A few more things
First: this is what the whole house looks like, for those who have been wondering if it's the same house they lived in. I hope it is the same house! I'd love to hear everyone's stories about it.Also, the landlord was creepy when I lived there, too. At one point, before the front room was turned into a separate studio apartment, he dropped by to announce that he was moving in. His wife had left him, and he needed a place to live, and since nobody was renting that room at the moment he was just going to live there himself. He did own the place, after all! But we didn't need to worry about a thing – he'd be sure to give us plenty of bathroom time in the morning to shave our legs and curl our hair and put on our makeup and whatnot (he obviously wasn't looking too closely at any of us if he thought we were going to care about any of that).
Um, I don't think so, I told him. Oh yes, I do think so, he said. Luckily the BYU housing office had our back, and he did not move in.
(A brief detour about housing at BYU, at least when I lived there: They have really weird rules there. Every student is required to live in university-approved housing – meaning, no boys & girls under the same roof, which led to some bizarre apartment building designs, among other social contortions. Whereas in most places a "housing unit" consists of a whole house or apartment, which you can rent and live in alone or sublet to friends or whatever, there, you usually just rent a bed. Most places had three bedrooms, with two beds in each bedroom. If you could convince enough friends to move into the other beds in the house, great. If not, the landlord would move someone in there. You could end up sleeping three feet away from someone you'd never met!
Also, according to the official rules, at least as recently as the early 90s, non-BYU students are not allowed to live in BYU housing. Presumably their non-BYU ways might taint or contaminate the otherwise pure and innocent students of the Lord's university. I found this out when a friend's little sister came to me in tears, claiming the place she'd been renting all summer was refusing to renew her contract for the fall because she wasn't a student. Preparing to kick some greedy landlord ass, I called the BYU housing office to get the real scoop – and found out it was true. According to the agreement with the university, they were completely within their rights to kick her out. Why it was okay to let her live there during the summer, I never found out – probably just because they needed the money.)

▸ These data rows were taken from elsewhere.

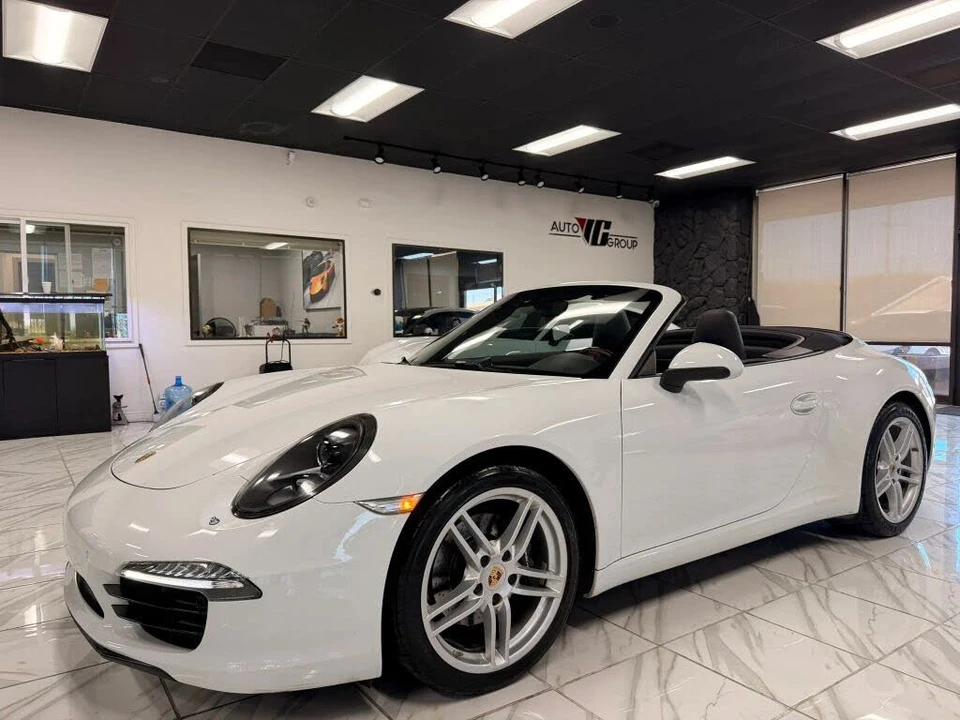 2013 Porsche 991 Carrera - Image 16 of 17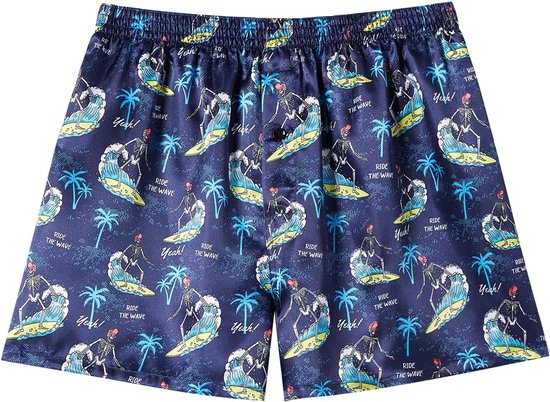 Donkerblauwe satijnen boxershort met een all-over print van skeletten op surfplanken, palmbomen en "Ride the wave".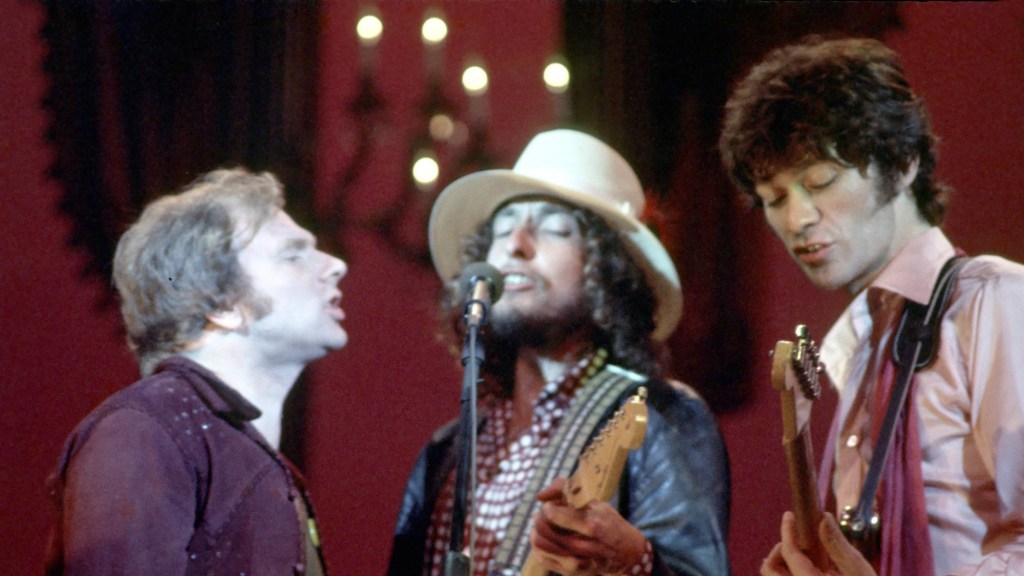 Remembering When Van Morrisonโs Guest Performance Stole โThe Last Waltzโ in 1976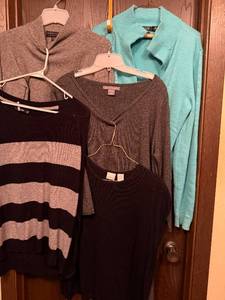 lot 158C image: Womens Cashmere Sweaters Lot of 5 - Lauren Ralph Lauren, Casual Corner, Kate & Mallory, Apt 9, and Merona KnitCashmere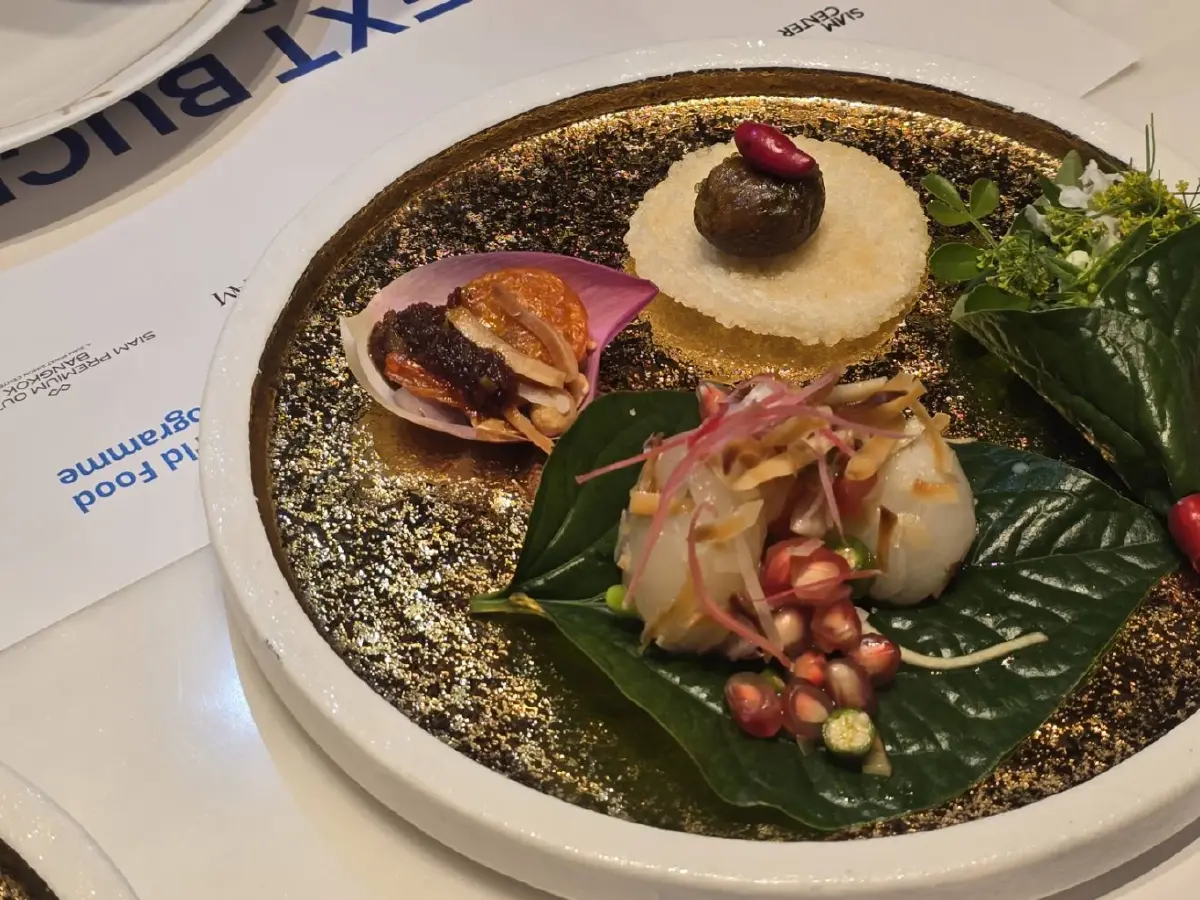 'วลาสุระ ณ ลำปาง' ถอดสูททนายมาควงตะหลิว ที่ร้านอาหารไทย 'สรรพรส'
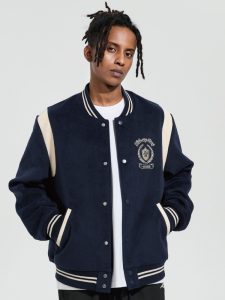 แจ็คเก็ตเบสบอลหลวมๆ สไตล์อเมริกันสำหรับคู่รัก แจ็คเก็ตแบบสวมหัวทรงหลวมๆ สไตล์ย้อนยุคสำหรับผู้ชาย แจ็คเก็ตฤดูใบไม้ผลิและฤดูใบไม้ร่วง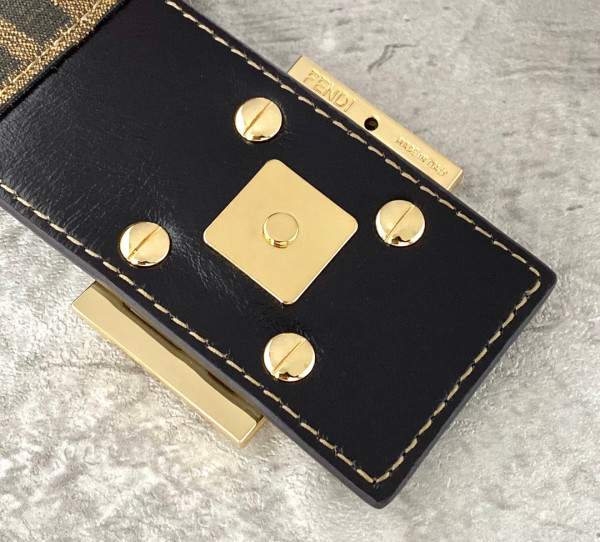 F**di vintage bag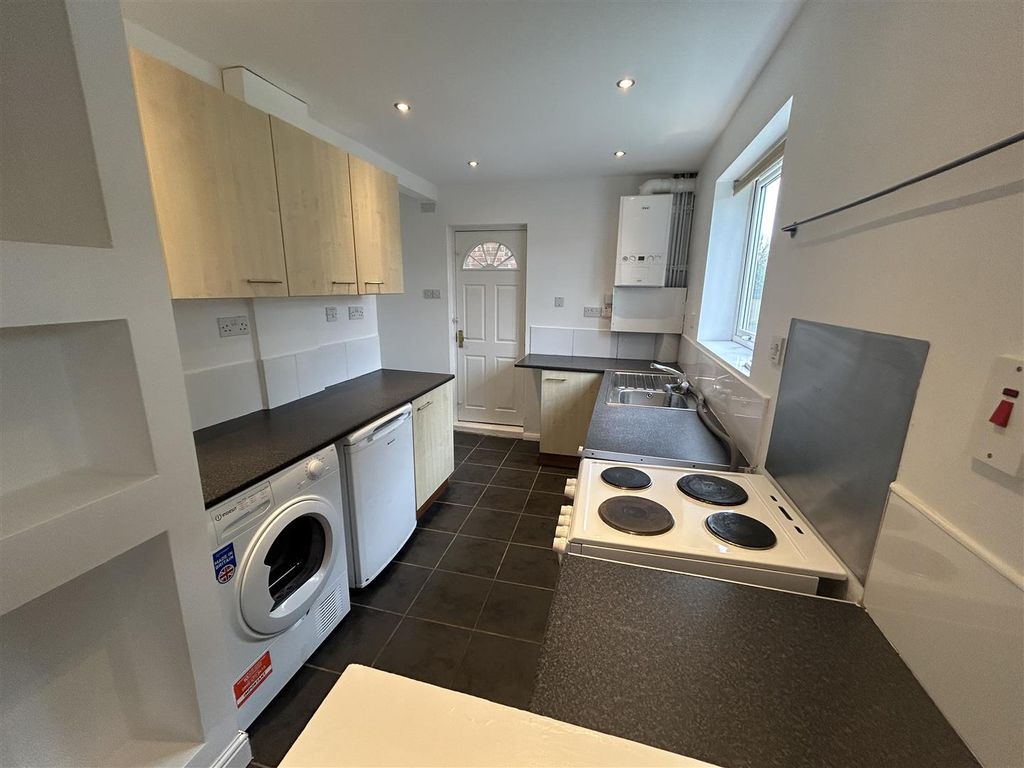 Property photo 3 of 9 Kitchen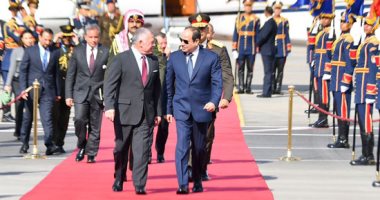 الرئيس السيسى يستقبل عاهل الأردن بمطار القاهرة 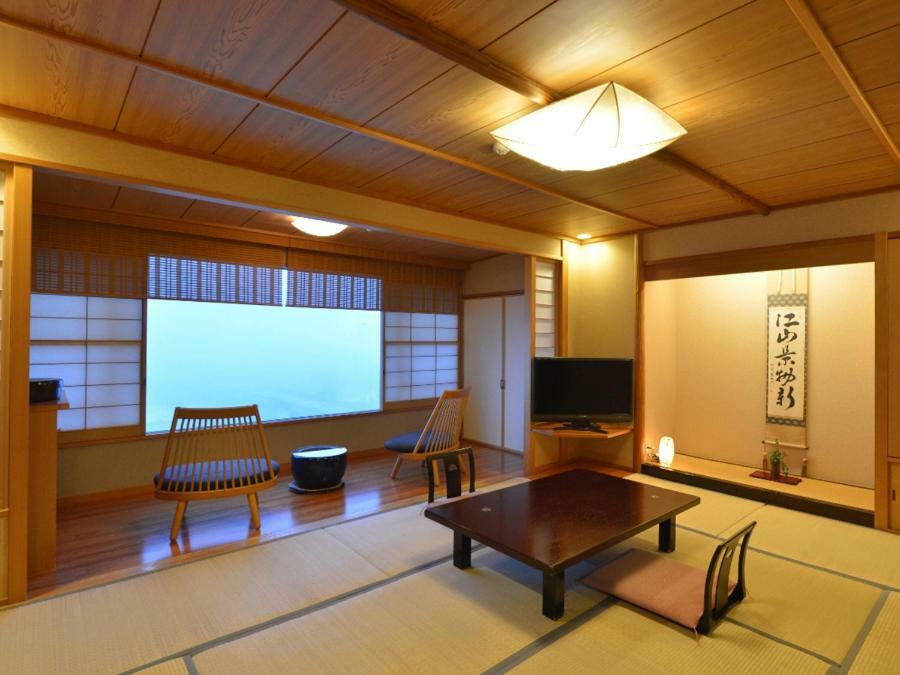 Ryokan Ayu No Sato Hitoyoshi Exteriör bild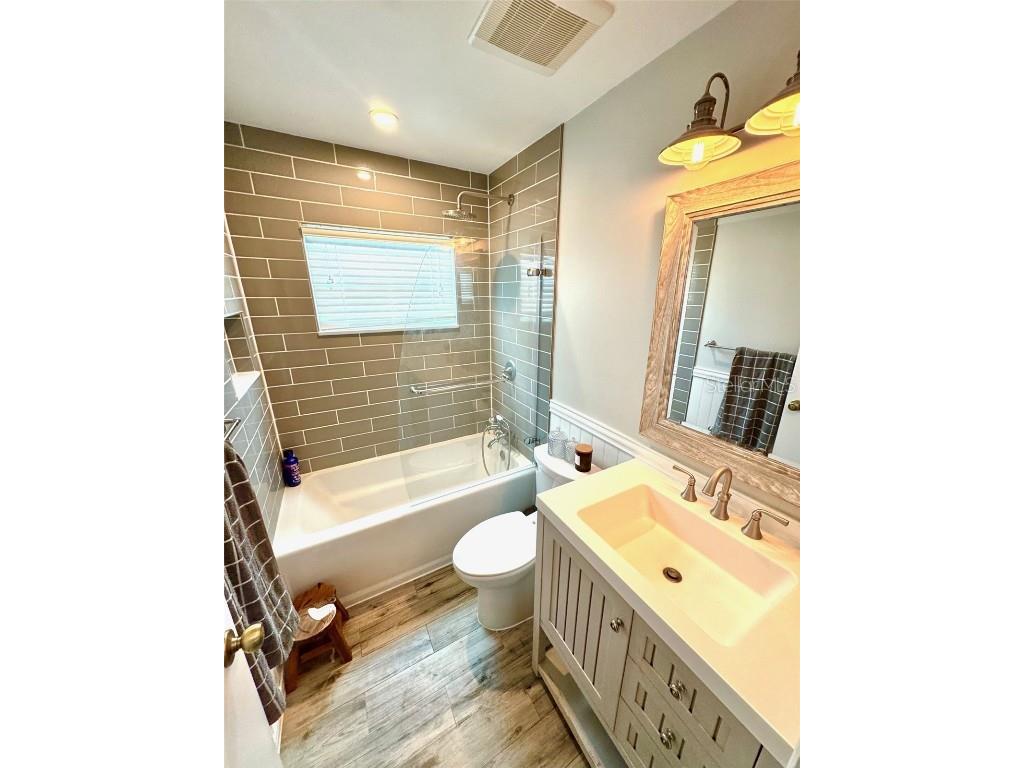 7306 Skyview Avenue New Port Richey FL 34653 TB8434666 image27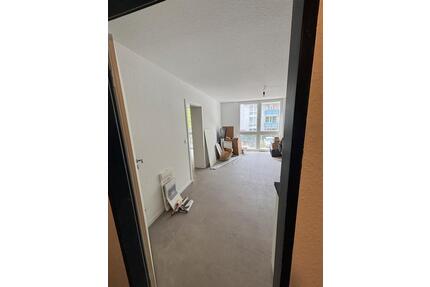 Sanierte 2 Zimmer Wohnung, mit neuem Bad und Küche in H-Ahlem - Hannover Linden-Limmer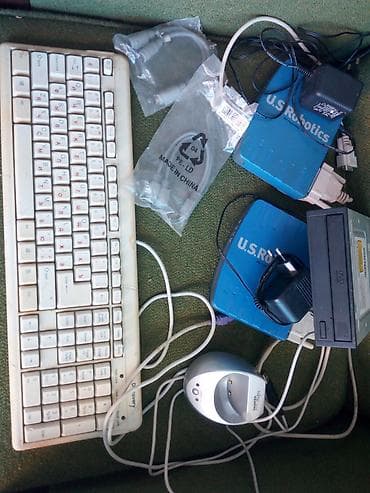bakcell modem: Köc ilə əlaqədar satilir. komyuter klaviaturalari. şunurlari — 2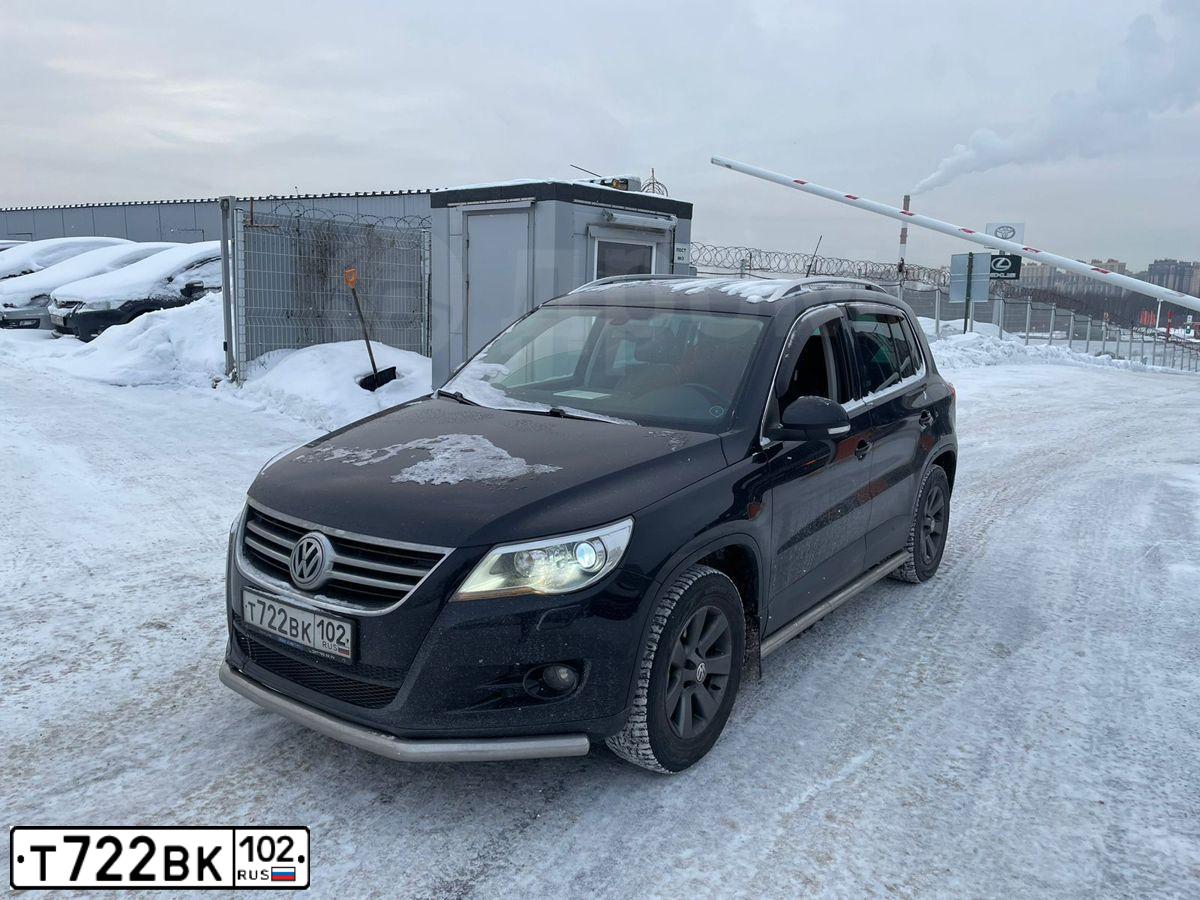 Фото автомобиля VOLKSWAGEN TIGUAN, 2011 — госномер Т722ВК102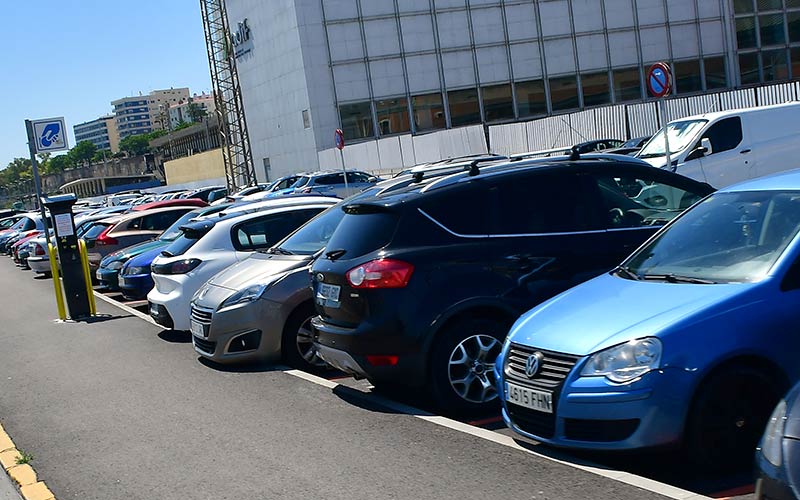 Una hora gratis de aparcamiento en Cádiz para quienes vengan de más allá de Cortadura a comprar o consumir en negocios locales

Anyway: when I moved out of the Bauhaus, he tried to withhold my deposit. I still remember the amount: $75, a full month's rent. To me, in 1986, that was a lot of money. He claimed I had never paid a deposit, and I knew I had. Where's the receipt, then, he wanted to know. Well actually, I happen to have it right here, I replied. Then he claimed not to have the money – he was too poor! He wanted to mail me a check later. I told him that since he'd just tried to rip me off, I didn't trust him to send it (I can't believe I ever used to be that brave!) and asked for cash. Finally he pulled out his wallet and handed it over – he'd had it on him all along – sighing and rolling his eyes as if he was doing me a huge favor. I gave him the pathetic little handwritten receipt I'd prepared before I went to meet him, shook his cold oily hand, and never had to deal with him again. The scumbag.
(I remember that little square white wooden table, bigbrownhouse. I wish I had kept something, too. Actually – I did. A large blue and white porcelain dinner plate, which I still have. I've eaten dinner on it almost every night since 1985! Nobody else is allowed to eat on or even wash it, except me.)
And he still owns the place. The woman who lives there now with her husband is probably in her late 40s. They're both there for graduate school and can't wait to get out of Provo and move back to California. I don't blame them.
To me, the saddest thing is the loss of that big tree in front. It protected the house and gave it a feeling of warmth and ... hm, a kind of compassion. I spent a lot of time with that tree, and I always felt like it was aware of me, and watching out for me. I can't believe nobody's bothered to plant a new one in its place.
The forsythia is gone, too. The gravel driveway is paved now and the whole back yard of the house next to it, all the way back to the alley, has been turned into an enormous asphalt parking lot. Cars and ugly apartments everywhere. I don't know if all that junk is still in the back yard, though if that woman had not arrived when she did I would have gone back to look. I probably would have peeked in the windows, too, even with my mother sitting out in the car cringing at my audacity.
I only lived there a couple of years, but somehow I still feel like I own that house.